Decision Date09 April 1986
Docket NumberNo. 71918,71918
PartiesDEPARTMENT OF TRANSPORTATION v. OLD NATIONAL INN, INC. et al.
CourtGeorgia Court of Appeals

Michael J. Bowers, Atty. Gen., Marion O. Gordon, Roland F. Matson, Beryl H. Weiner J. Mathew Dwyer, James S.S. Howell, Asst. Attys. Gen., for appellant.

W. Lyman Dillon, Leslie A. Dent, Atlanta, for appellees.

BEASLEY, Judge.

Appellant-condemnor Department of Transportation (DOT) filed a declaration of taking against property owned by appellee-condemnee Old National Inn, Inc. (Old National). Old National was dissatisfied with the amount of the estimated compensation, $180,760, and filed a notice of appeal and answer. A jury awarded "just and adequate compensation" of $324,000 for both actual and consequential damages, and the judgment required DOT to deposit the additional amount into the court registry. DOT's amended motion for new trial was denied, and it appeals.

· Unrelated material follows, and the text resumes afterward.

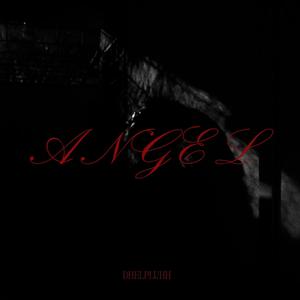 ANGEL (Explicit)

1. DOT contends as error the striking of a portion of the testimony of two of its expert witnesses pertaining to the calculation of consequential damages.

Old National operates a Holiday Inn hotel which had been constructed in 1981 with a view toward future expansion. The common areas and equipment were expressly designed to accommodate additional units. DOT concedes that the prospect for expansion is a reasonable probability.

The land taken by DOT consisted of .8 acre that adjoined the hotel, with frontage on Old National Highway, and its intended use was as additional surface parking whenever the proposed expansion would occur.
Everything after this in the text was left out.